No matter what language it's in, the above message on one's computer screen is alarming, especially when it is preceded by a gray curtain descending from the top of one's computer screen to the bottom (in the Windows operating system, the screen apparently just stays blue and is known as the "Blue Screen of Death"). Apple prefers the term, "kernel panic". Apple products may panic, but they never ever die.
I asked a techhead friend to describe "kernel panic" in a way I understood. He said, "It's like you're reading instructions for putting together a complicated piece of IKEA furniture and the 18th critical step is left out. You need bolt Q, but it's not there. So the computer shuts down because it does not understand what to do or where to go next."
Don't you wish that happened to humans? Or perhaps it does. Flannista knows that she shut down a good part of the past 48 hours, numb from a seemingly catatrosphic failure for an iMac that is just four months old. What did I do wrong?
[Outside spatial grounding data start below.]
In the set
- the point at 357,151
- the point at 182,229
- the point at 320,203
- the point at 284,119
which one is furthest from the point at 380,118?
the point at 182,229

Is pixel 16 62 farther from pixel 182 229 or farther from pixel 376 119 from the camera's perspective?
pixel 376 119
Should I have shut it down more often rather than putting it to sleep? Do I play Nine Inch Nails music on iTunes too much? Do I use the f-word within earshot of the logic board? Who knows? I will confess that it felt okay to shut down in a new way. A year ago, I would have ranted and wept and stomped my feet. This weekend, I just shut up, tried not to panic. Have patience. Thought a lot about Gwendolyn waiting for biopsy and CT scan results. Then I realized that I was calm enough to do my own pondering and wondered if the problem began when I changed the track pad batteries ten days ago . . . could they be bad? Could the bluetooth track pad be that missing part -- bolt Q? Could my panic be resolved simply by inserting two other new batteries?
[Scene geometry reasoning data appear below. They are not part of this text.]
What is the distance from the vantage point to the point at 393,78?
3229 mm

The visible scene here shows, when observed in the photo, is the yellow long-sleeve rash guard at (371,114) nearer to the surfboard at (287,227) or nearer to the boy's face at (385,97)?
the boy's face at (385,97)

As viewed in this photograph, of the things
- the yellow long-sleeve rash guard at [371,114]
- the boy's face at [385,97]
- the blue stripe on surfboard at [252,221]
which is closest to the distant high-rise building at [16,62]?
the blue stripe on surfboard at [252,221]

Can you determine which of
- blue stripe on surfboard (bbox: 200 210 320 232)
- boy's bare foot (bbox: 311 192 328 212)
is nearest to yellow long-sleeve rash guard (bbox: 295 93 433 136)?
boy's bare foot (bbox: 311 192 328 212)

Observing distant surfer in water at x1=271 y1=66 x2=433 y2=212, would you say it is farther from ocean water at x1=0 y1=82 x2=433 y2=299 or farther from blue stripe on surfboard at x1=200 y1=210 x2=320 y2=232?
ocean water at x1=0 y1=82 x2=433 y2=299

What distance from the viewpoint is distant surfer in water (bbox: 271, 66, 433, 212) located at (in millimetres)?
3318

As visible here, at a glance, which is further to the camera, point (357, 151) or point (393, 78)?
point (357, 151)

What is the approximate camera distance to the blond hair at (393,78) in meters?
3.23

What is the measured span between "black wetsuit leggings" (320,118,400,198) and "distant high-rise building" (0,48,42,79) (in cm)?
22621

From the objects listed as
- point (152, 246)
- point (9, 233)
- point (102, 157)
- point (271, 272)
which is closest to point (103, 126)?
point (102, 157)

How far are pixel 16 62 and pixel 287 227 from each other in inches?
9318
It seems it could. Jury is still out, but so far, so good.
I find myself humbled by it all . . . and wondering about how much I have relied on computers for my sense of well-being. Perhaps it's time the gray curtain came down on that need, and a brighter curtain came up on what more reliably enlightens my soul. I don't yet know. I do know that I'm not going to panic about it.
Would not using your computer for a week enlighten your soul? If no, why? If yes, how so?